- [Given entries]:
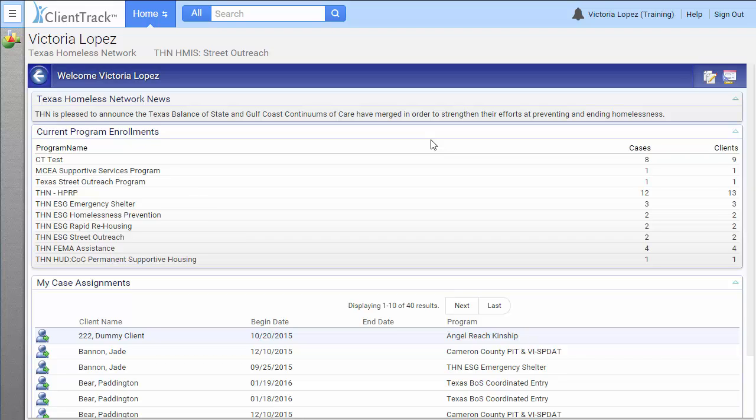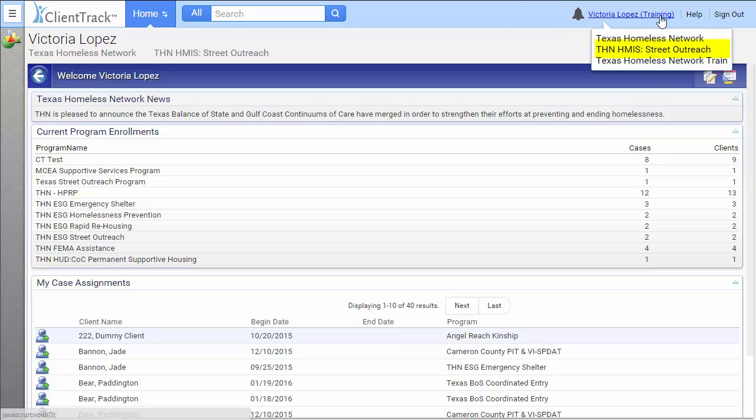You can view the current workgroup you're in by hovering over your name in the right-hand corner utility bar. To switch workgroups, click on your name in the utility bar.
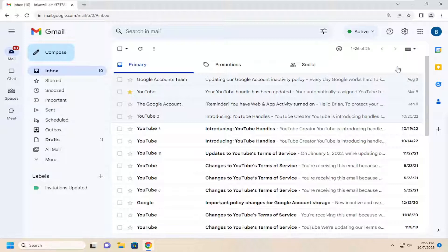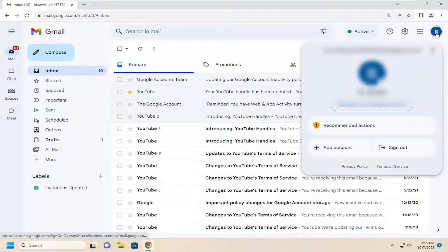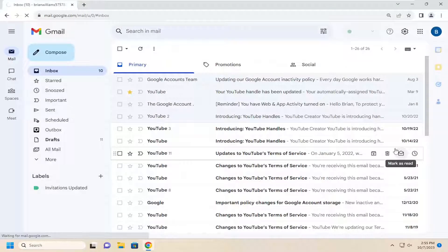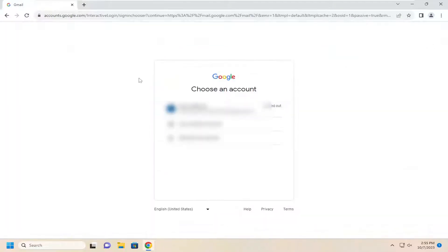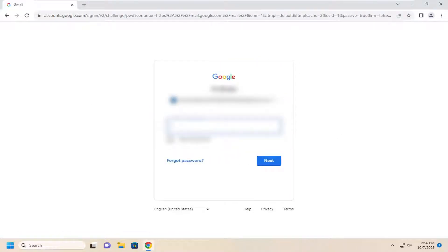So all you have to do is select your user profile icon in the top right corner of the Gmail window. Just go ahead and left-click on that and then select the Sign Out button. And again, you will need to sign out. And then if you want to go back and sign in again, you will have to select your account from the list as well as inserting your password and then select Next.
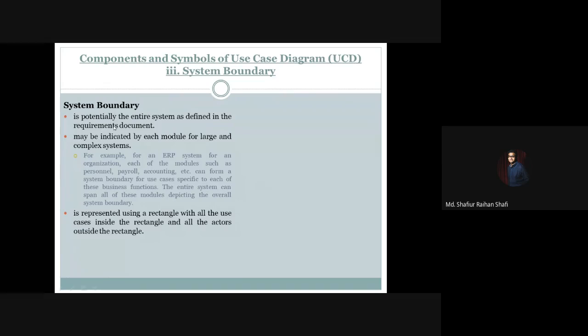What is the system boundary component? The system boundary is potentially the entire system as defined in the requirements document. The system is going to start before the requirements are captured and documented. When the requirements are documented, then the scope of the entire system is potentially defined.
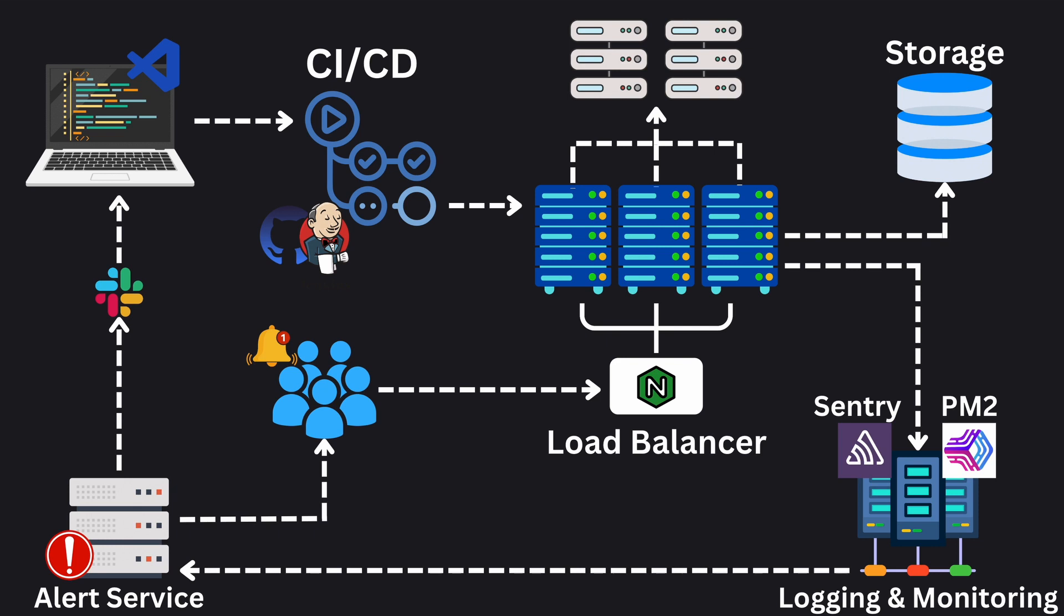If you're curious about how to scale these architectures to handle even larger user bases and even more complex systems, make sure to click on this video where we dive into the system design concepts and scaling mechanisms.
---
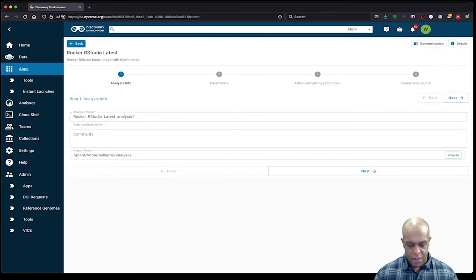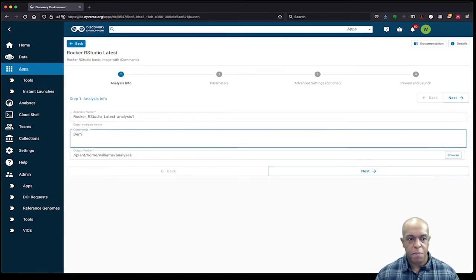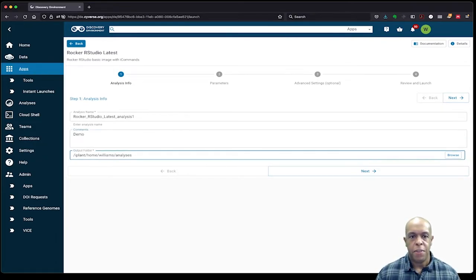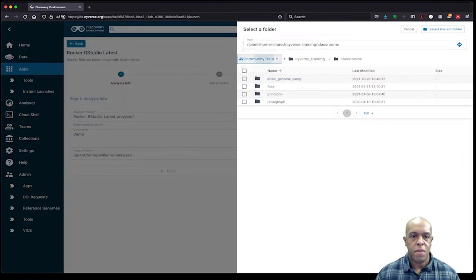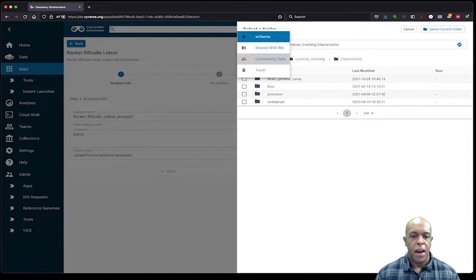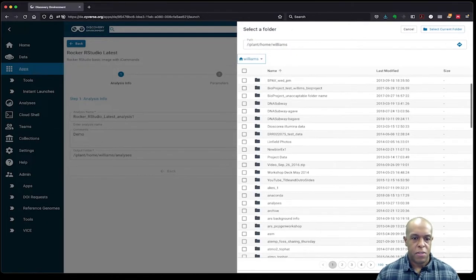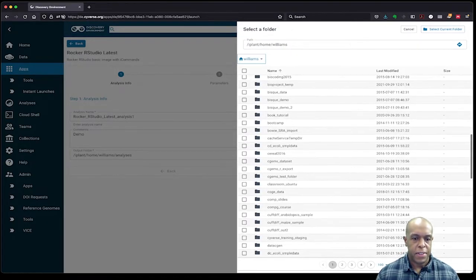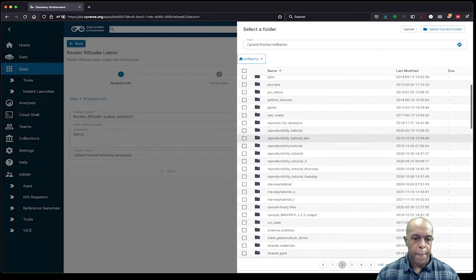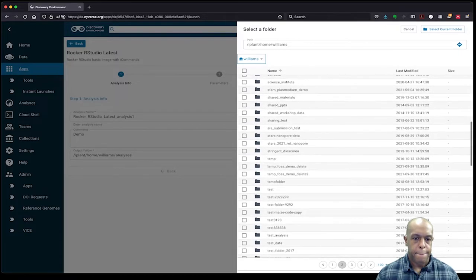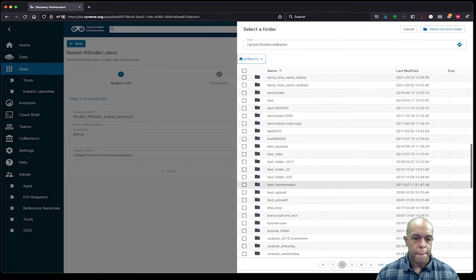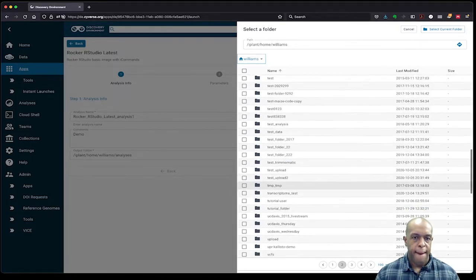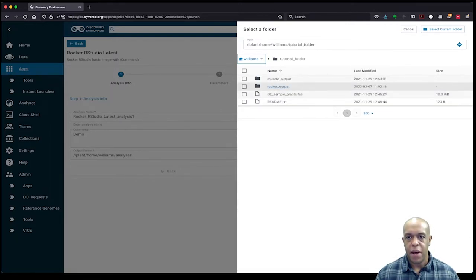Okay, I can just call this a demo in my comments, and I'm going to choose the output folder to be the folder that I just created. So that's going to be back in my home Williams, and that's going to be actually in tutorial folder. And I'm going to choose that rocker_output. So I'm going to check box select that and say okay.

- [Instructions for the task]: What lines above run from the one with "So all you have" to the one with "What is the"? Give them again exactly, ends included, and leave the pictures out.

- [Written reply]:
So all you have to do is select your user profile icon in the top right corner of the Gmail window. Just go ahead and left-click on that and then select the Sign Out button. And again, you will need to sign out. And then if you want to go back and sign in again, you will have to select your account from the list as well as inserting your password and then select Next.
What is the system boundary component? The system boundary is potentially the entire system as defined in the requirements document. The system is going to start before the requirements are captured and documented. When the requirements are documented, then the scope of the entire system is potentially defined.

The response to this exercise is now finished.